Avoid risky symbols in XML-based markup.

@@ -462,15 +471,15 @@
description in the manual page.
</para>
<para>
- The old engine assigned one pin priority per package,
+ The old engine assigned one pin priority per package;
the new one assigns pin priorities per version. It then picks
the version with the highest pin that is not a downgrade or that has
- a pin > 1000.
+ a pin &gt; 1000.
</para>
<para>
This changes the effect of some pins, especially negative ones.
Previously, pinning a version to -1 effectively prevented the
- package from being installed (the package pin was -1),
+ package from being installed (the package pin was -1);
it now only prevents the version of this package from being
installed.
</para>

Two underpunctuated "run-on" sentences; one risky symbol.

@@ -485,7 +494,7 @@
</para>
</note>
<para>
- To improve the download stability and ensure security of the
+ To improve download stability and ensure security of the
downloaded content, APT now requires the following from an
APT repository:
</para>

Article usage

@@ -496,7 +505,7 @@
<listitem>
<para>
All metadata must include at least SHA256 checksums of all
- items.

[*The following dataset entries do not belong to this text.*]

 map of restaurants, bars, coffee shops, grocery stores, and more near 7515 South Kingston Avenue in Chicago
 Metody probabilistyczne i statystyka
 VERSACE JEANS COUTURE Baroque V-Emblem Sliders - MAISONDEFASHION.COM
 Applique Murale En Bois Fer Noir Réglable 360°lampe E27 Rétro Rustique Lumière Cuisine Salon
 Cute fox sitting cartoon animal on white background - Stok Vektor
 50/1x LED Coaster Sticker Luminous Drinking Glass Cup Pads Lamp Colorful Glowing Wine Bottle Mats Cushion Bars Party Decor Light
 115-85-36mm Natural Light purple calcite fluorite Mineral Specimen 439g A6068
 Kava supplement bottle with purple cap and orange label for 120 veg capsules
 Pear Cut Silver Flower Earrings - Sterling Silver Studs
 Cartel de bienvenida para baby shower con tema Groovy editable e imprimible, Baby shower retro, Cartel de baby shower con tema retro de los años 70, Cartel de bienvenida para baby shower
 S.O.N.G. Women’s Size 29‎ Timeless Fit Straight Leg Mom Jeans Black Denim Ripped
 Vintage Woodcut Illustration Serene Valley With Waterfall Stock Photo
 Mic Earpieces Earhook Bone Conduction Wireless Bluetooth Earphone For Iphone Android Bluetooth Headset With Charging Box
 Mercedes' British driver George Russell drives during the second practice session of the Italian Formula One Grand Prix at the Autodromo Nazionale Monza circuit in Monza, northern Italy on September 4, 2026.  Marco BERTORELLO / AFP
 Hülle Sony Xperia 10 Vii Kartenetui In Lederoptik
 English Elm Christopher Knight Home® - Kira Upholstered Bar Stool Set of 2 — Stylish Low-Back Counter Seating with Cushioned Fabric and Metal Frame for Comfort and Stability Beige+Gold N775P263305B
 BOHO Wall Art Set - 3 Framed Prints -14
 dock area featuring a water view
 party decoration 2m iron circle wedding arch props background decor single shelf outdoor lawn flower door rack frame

This includes the gpg signature of the InRelease
+ items. This includes the GPG signature of the InRelease
file.
</para>
</listitem>

To match the glossary.

@@ -503,7 +512,7 @@
<listitem>
<para>
Signatures on the InRelease file should be done with a key
- at the size of 2048 bit or larger.
+ size of 2048 bits or larger.
</para>
</listitem>
</itemizedlist>

Idiomatic English.

@@ -523,9 +532,10 @@
<note>
<para>
This change only applies if your X Display Manager supports
- running X as rootless (or if you start X manually via
+ running X without root privileges (or if you start X manually via
<command>startx</command>). Currently the only known display
- manager supporting this is gdm. Other display managers simply
+ manager supporting this is <systemitem role="package">gdm</systemitem>.
+ Other display managers simply
start X as root regardless of this change.
</para>
</note>

"Rootless" isn't a common way of expressing this even in technical
jargon, and the word has a distracting non-technical sense (which even
seems as if it would make sense here: it would mean "without a root
window").

This way of phrasing it makes it really difficult to work out that
using startx *does* require the installation of xserver-xorg-legacy.

@@ -556,23 +566,25 @@
<filename>~/.local/share/xorg/</filename>.
</para>
<para>
- If these requirements are not possible, please install the
+ If these requirements cannot be met, please install the
<systemitem role="package">xserver-xorg-legacy</systemitem>
package to reinstate the setuid Xorg.
</para>
</section>

Material that should maybe go in a separate bugreport:

It seems to me that this convoluted phrasing is going to trick a lot
of users into getting unusable systems. If I have understood
correctly, it would help enormously if it just gave a couple of
examples -

If these requirements cannot be met (for instance, if you're
using <command>startx</command> or an old graphics card),

And then there's the libinput issue, which turns out to be completely
separate and needs its own entry in this list.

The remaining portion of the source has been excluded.